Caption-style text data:

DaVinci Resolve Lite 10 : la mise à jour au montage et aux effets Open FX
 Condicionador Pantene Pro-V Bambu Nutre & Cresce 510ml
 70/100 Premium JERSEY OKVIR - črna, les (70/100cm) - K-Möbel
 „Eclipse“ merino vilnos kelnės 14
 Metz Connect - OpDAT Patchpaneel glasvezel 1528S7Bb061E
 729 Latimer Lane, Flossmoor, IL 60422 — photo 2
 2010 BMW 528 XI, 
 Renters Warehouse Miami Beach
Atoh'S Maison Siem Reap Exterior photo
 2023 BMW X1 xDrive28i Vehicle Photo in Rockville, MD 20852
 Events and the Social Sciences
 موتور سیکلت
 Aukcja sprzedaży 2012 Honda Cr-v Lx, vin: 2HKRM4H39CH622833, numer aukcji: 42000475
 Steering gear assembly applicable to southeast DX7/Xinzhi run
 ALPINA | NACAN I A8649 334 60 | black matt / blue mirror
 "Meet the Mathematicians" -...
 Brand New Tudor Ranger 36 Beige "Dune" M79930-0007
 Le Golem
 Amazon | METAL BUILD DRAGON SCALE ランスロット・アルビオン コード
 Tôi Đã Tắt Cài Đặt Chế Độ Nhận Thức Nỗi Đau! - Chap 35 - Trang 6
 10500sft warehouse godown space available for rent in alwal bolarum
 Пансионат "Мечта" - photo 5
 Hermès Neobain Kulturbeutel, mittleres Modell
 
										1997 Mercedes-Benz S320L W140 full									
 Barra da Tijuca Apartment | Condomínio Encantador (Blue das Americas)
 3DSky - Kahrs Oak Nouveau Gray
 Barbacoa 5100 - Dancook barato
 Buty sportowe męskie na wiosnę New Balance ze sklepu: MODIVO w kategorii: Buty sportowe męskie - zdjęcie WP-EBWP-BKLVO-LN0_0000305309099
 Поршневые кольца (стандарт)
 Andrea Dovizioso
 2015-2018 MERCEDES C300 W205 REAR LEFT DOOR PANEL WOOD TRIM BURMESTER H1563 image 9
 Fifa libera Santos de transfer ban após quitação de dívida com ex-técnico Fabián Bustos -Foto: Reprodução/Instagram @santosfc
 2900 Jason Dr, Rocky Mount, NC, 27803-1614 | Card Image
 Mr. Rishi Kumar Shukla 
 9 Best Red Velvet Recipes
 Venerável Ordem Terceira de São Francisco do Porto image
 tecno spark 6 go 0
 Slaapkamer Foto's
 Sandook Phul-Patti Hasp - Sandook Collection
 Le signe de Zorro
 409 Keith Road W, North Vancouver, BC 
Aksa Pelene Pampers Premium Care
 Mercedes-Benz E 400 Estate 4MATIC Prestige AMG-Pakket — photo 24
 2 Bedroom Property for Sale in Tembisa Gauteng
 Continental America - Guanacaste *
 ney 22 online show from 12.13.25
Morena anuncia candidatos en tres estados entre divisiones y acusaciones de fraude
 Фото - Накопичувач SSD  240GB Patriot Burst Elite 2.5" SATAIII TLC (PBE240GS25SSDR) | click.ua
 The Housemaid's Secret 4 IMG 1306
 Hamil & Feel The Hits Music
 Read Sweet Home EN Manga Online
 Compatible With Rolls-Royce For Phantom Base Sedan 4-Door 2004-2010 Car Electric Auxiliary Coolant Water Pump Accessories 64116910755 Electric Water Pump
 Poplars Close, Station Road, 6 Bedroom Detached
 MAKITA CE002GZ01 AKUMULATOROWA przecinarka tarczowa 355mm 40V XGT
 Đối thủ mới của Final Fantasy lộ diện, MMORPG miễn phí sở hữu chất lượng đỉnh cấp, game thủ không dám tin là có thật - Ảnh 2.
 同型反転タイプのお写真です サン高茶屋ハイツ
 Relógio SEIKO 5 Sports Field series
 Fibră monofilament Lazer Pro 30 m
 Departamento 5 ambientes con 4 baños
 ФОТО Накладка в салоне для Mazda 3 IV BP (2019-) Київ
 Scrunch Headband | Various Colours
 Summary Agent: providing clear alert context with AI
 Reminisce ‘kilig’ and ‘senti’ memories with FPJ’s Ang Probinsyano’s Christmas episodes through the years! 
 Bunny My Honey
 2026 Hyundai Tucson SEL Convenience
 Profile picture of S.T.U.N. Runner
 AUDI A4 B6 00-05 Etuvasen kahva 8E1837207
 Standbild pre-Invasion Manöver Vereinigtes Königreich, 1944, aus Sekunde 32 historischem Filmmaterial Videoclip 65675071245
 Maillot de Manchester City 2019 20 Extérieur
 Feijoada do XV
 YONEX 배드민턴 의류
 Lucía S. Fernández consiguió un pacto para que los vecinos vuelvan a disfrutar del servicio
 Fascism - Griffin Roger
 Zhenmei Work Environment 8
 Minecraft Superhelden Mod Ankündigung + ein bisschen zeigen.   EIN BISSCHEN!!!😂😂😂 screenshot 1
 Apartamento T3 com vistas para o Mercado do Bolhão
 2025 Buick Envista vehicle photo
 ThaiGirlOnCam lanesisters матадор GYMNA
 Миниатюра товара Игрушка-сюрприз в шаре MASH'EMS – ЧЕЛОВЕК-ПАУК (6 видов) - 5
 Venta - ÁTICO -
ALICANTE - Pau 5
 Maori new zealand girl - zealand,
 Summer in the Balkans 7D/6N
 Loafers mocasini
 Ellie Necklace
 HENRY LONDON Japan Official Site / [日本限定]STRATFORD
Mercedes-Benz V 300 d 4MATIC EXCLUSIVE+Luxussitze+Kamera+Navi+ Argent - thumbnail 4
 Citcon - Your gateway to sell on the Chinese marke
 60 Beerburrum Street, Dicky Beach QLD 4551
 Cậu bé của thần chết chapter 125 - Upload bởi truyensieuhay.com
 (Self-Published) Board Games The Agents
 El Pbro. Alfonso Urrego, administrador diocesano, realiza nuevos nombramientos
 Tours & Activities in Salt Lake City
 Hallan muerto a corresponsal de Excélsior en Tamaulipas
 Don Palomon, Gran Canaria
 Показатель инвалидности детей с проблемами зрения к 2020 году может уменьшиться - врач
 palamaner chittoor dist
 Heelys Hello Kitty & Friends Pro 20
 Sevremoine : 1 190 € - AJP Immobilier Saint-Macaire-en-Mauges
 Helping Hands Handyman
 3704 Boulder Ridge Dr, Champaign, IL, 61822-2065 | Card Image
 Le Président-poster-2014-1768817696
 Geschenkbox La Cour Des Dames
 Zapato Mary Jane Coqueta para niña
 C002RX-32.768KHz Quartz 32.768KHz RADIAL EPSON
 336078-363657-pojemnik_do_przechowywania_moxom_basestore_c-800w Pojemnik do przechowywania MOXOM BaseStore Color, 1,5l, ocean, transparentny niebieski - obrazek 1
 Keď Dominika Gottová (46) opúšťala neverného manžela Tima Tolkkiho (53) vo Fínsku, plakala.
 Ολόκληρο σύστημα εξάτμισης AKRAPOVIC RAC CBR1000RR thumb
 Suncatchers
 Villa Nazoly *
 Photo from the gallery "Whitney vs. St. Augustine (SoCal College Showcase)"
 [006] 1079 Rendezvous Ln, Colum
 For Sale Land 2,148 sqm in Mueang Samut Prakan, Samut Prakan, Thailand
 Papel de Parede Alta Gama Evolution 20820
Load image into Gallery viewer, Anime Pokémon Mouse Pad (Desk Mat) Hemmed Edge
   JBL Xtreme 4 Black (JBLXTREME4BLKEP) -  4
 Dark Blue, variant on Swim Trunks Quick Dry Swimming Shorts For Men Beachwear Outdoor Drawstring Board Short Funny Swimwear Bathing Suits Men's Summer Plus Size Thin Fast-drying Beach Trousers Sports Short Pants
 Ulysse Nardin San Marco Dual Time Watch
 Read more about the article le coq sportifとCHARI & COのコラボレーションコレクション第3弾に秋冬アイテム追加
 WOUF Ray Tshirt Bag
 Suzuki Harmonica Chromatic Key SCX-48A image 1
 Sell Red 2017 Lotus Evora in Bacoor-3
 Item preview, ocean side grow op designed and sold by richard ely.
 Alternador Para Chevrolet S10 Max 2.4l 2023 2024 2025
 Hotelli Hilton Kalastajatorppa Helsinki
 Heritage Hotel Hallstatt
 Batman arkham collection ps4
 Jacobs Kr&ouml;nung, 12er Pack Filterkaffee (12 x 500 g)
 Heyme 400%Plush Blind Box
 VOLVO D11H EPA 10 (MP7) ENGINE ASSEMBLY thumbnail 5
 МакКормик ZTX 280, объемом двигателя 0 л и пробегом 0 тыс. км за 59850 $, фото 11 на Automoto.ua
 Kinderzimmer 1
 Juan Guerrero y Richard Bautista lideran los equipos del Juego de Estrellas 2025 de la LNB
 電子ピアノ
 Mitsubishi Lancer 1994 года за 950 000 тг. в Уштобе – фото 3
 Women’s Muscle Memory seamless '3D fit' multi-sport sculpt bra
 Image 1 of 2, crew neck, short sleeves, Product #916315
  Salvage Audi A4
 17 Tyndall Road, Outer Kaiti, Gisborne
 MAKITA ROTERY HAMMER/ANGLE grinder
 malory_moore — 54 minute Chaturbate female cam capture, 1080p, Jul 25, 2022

What to produce: Where the data above reaches the line holding "Tours & Activities in Salt Lake City", begin printing, and stop after the line holding "3704 Boulder Ridge". Each line must be reproduced exactly, with nothing else added.

Result for this exercise:
 Tours & Activities in Salt Lake City
 Hallan muerto a corresponsal de Excélsior en Tamaulipas
 Don Palomon, Gran Canaria
 Показатель инвалидности детей с проблемами зрения к 2020 году может уменьшиться - врач
 palamaner chittoor dist
 Heelys Hello Kitty & Friends Pro 20
 Sevremoine : 1 190 € - AJP Immobilier Saint-Macaire-en-Mauges
 Helping Hands Handyman
 3704 Boulder Ridge Dr, Champaign, IL, 61822-2065 | Card Image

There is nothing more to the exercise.